What appears in the data must be reproduced exactly.

(Source data):
*****
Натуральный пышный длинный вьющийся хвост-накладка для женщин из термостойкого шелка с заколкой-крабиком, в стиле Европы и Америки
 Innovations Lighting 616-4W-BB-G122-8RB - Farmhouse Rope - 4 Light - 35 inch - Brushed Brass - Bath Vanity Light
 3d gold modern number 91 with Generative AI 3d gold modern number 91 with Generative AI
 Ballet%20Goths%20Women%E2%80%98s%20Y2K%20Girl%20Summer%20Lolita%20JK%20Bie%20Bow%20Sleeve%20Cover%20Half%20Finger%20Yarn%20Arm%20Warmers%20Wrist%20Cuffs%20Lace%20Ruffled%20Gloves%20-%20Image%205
*****
(Reply):
Натуральный пышный длинный вьющийся хвост-накладка для женщин из термостойкого шелка с заколкой-крабиком, в стиле Европы и Америки
 Innovations Lighting 616-4W-BB-G122-8RB - Farmhouse Rope - 4 Light - 35 inch - Brushed Brass - Bath Vanity Light
 3d gold modern number 91 with Generative AI 3d gold modern number 91 with Generative AI
 Ballet%20Goths%20Women%E2%80%98s%20Y2K%20Girl%20Summer%20Lolita%20JK%20Bie%20Bow%20Sleeve%20Cover%20Half%20Finger%20Yarn%20Arm%20Warmers%20Wrist%20Cuffs%20Lace%20Ruffled%20Gloves%20-%20Image%205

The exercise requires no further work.